- **EXERCISE PROMPT**: Every record is to be printed exactly as written, and any picture in it is skipped.
........
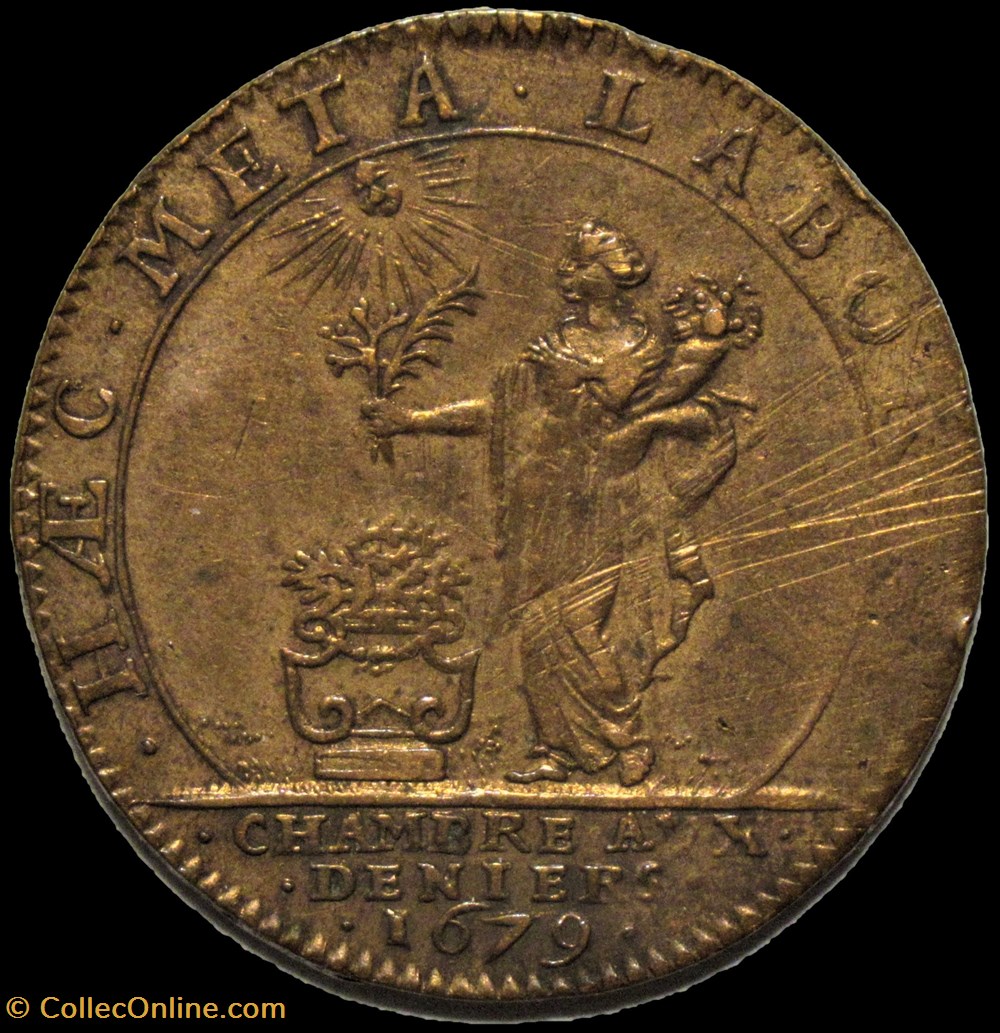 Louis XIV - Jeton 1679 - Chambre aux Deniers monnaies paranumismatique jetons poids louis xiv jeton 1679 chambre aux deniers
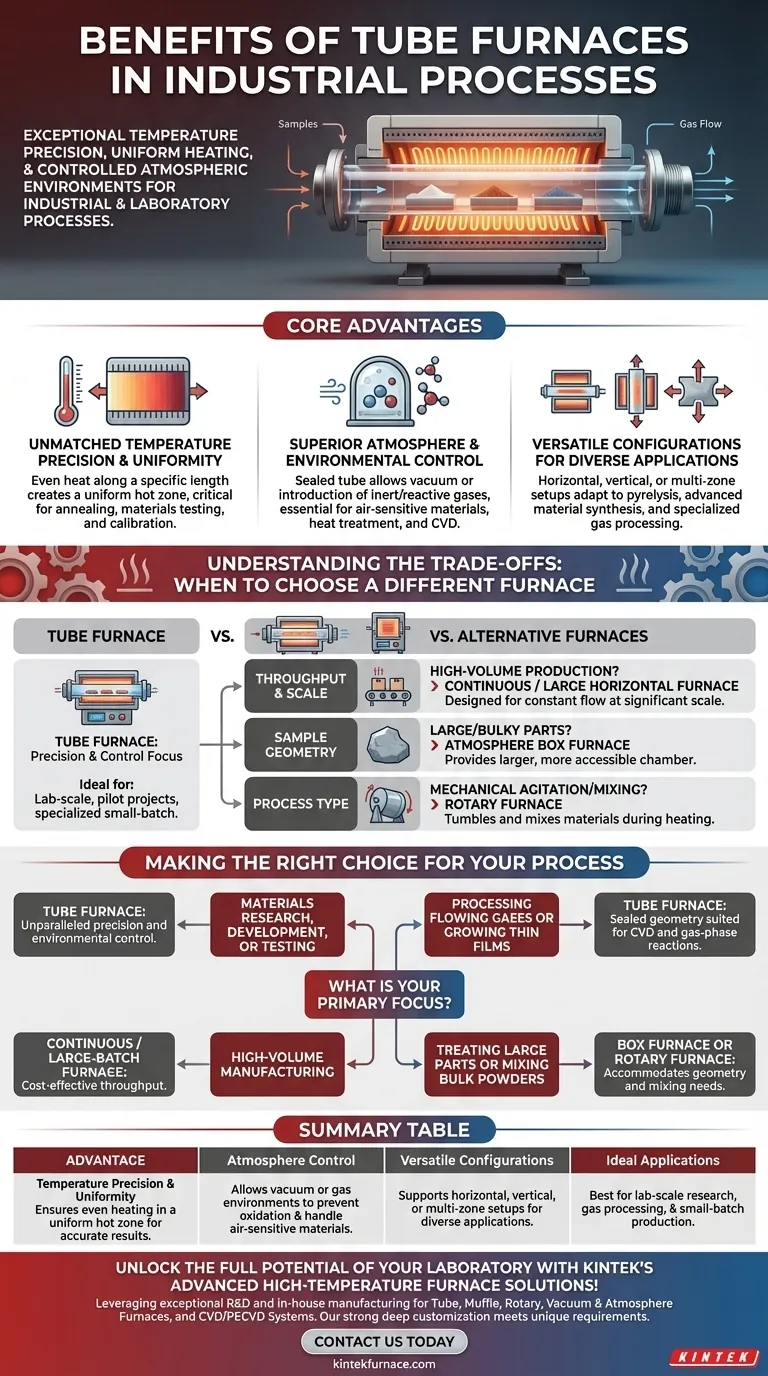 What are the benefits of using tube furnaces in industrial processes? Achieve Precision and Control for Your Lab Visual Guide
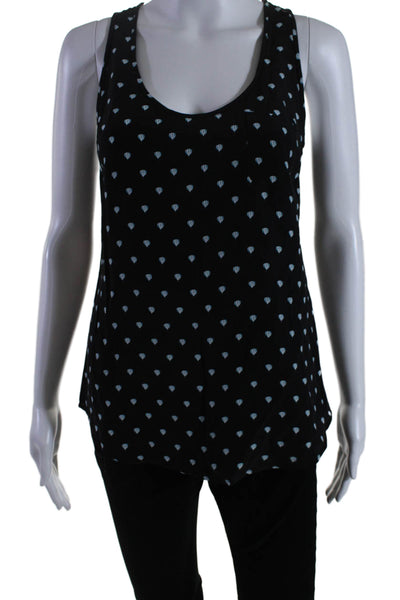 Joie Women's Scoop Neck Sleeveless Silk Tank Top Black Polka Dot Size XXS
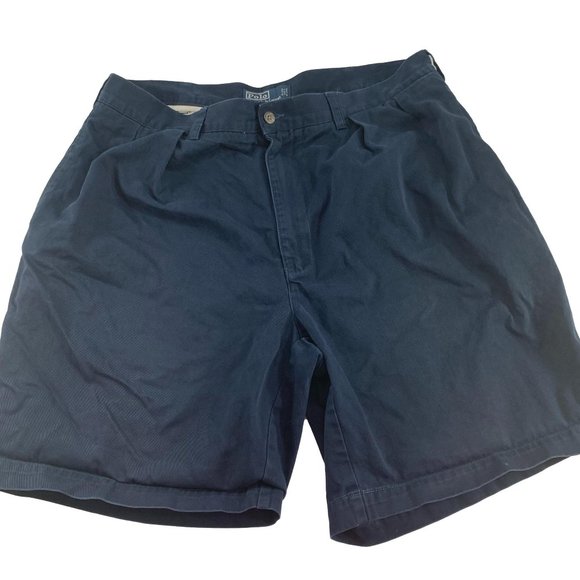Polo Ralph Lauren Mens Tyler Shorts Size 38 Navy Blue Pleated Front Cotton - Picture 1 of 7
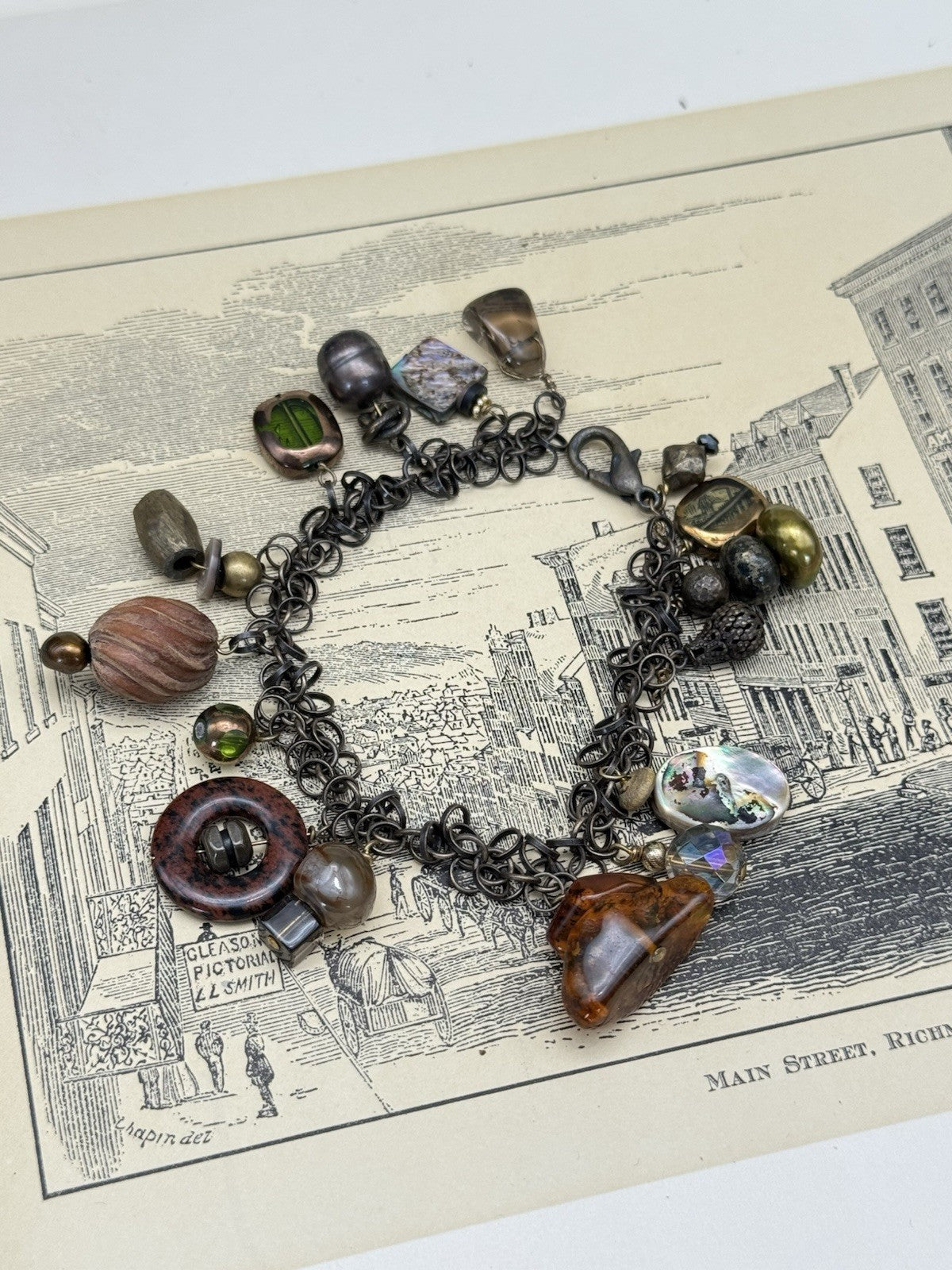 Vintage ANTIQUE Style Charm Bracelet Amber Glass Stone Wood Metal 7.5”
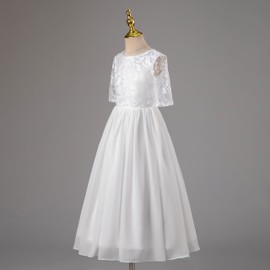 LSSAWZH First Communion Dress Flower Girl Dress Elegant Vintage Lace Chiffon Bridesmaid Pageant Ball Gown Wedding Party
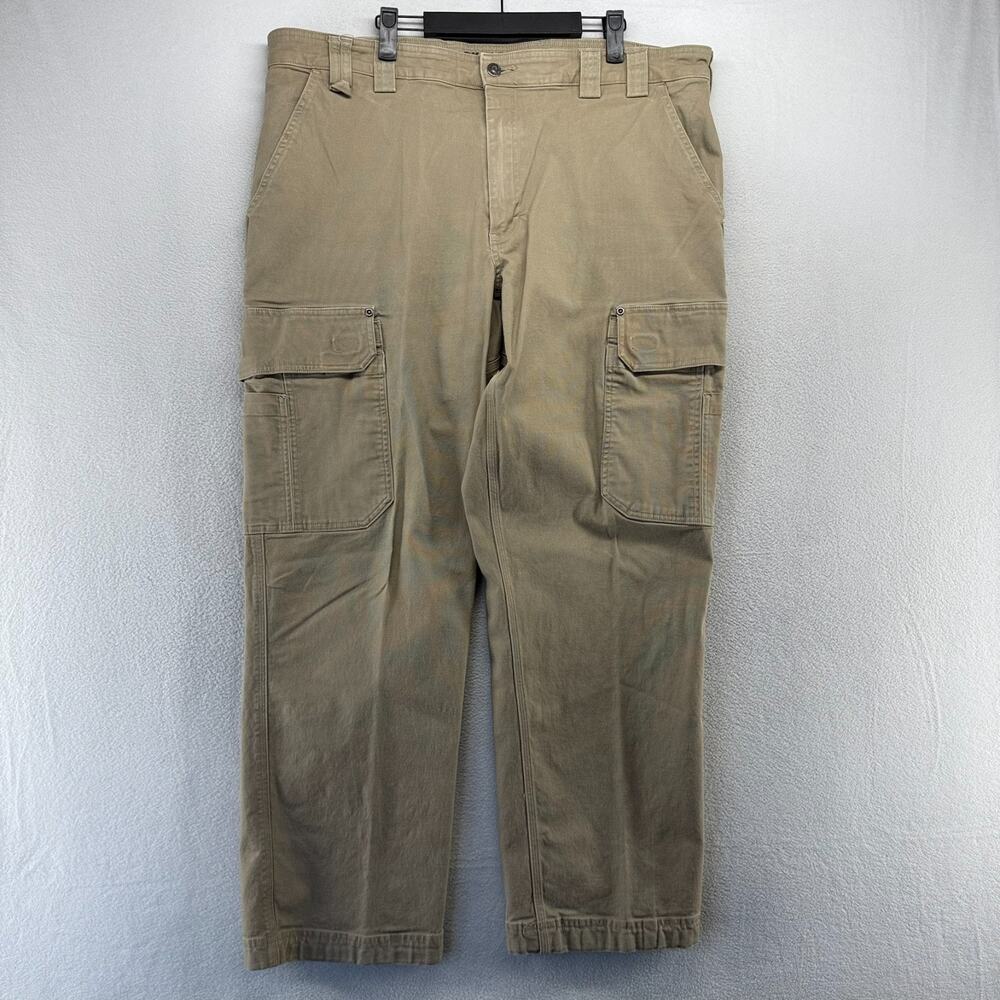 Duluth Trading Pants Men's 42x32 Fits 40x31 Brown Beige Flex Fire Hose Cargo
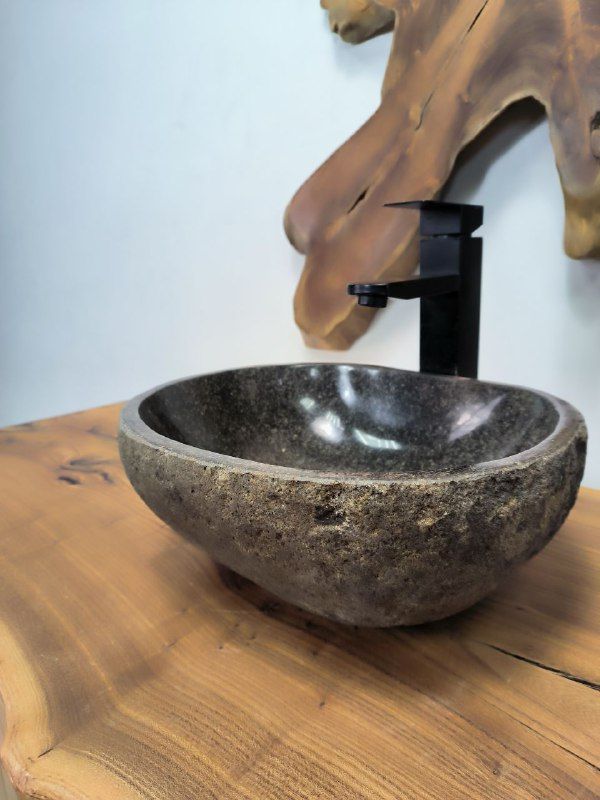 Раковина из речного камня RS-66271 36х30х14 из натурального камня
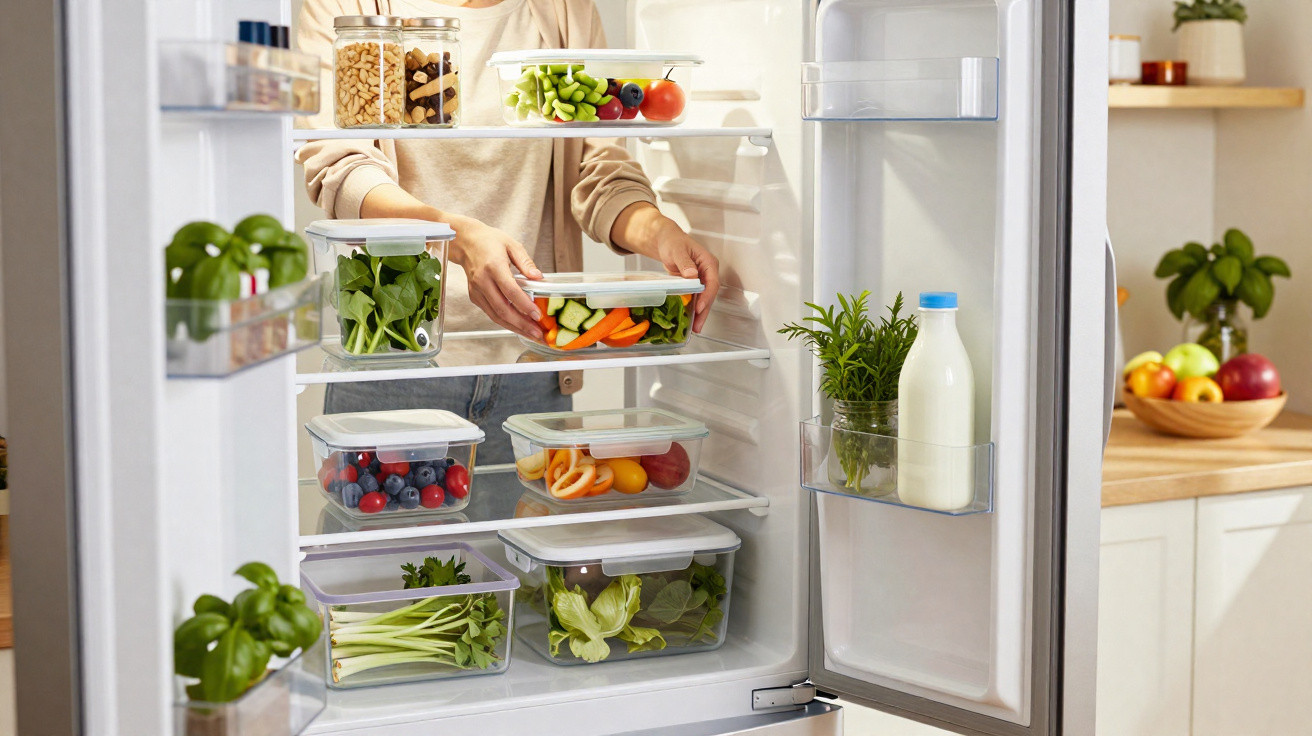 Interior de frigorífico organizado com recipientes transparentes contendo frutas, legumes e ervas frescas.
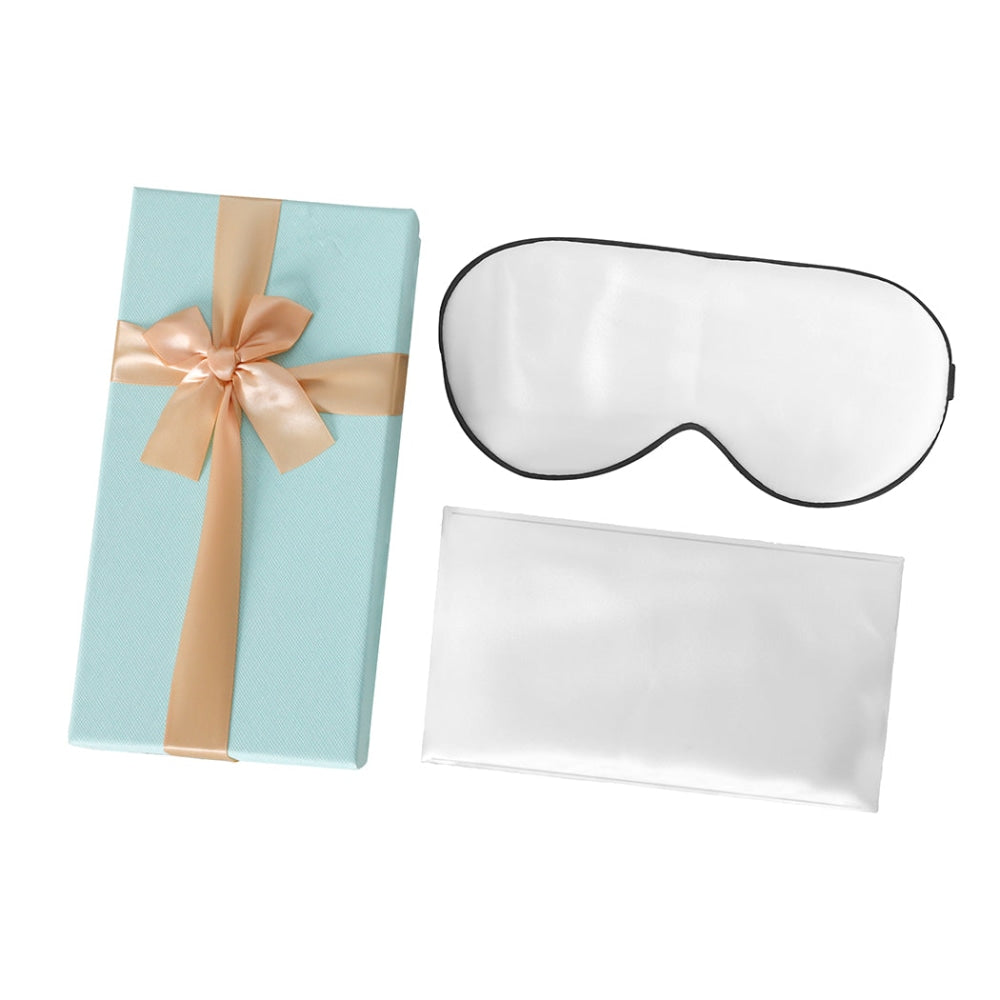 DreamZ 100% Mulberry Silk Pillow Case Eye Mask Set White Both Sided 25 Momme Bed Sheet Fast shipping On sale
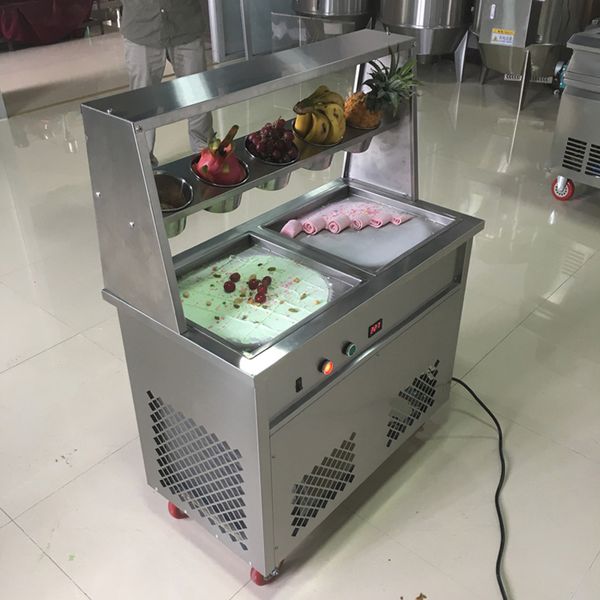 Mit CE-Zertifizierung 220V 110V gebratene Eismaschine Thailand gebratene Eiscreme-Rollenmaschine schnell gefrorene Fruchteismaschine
........
- **RESPONSE TO THE EXERCISE**:
 Louis XIV - Jeton 1679 - Chambre aux Deniers monnaies paranumismatique jetons poids louis xiv jeton 1679 chambre aux deniers
 What are the benefits of using tube furnaces in industrial processes? Achieve Precision and Control for Your Lab Visual Guide
 Joie Women's Scoop Neck Sleeveless Silk Tank Top Black Polka Dot Size XXS
Polo Ralph Lauren Mens Tyler Shorts Size 38 Navy Blue Pleated Front Cotton - Picture 1 of 7
 Vintage ANTIQUE Style Charm Bracelet Amber Glass Stone Wood Metal 7.5”
 LSSAWZH First Communion Dress Flower Girl Dress Elegant Vintage Lace Chiffon Bridesmaid Pageant Ball Gown Wedding Party
 Duluth Trading Pants Men's 42x32 Fits 40x31 Brown Beige Flex Fire Hose Cargo
 Раковина из речного камня RS-66271 36х30х14 из натурального камня
 Interior de frigorífico organizado com recipientes transparentes contendo frutas, legumes e ervas frescas.
 DreamZ 100% Mulberry Silk Pillow Case Eye Mask Set White Both Sided 25 Momme Bed Sheet Fast shipping On sale
 Mit CE-Zertifizierung 220V 110V gebratene Eismaschine Thailand gebratene Eiscreme-Rollenmaschine schnell gefrorene Fruchteismaschine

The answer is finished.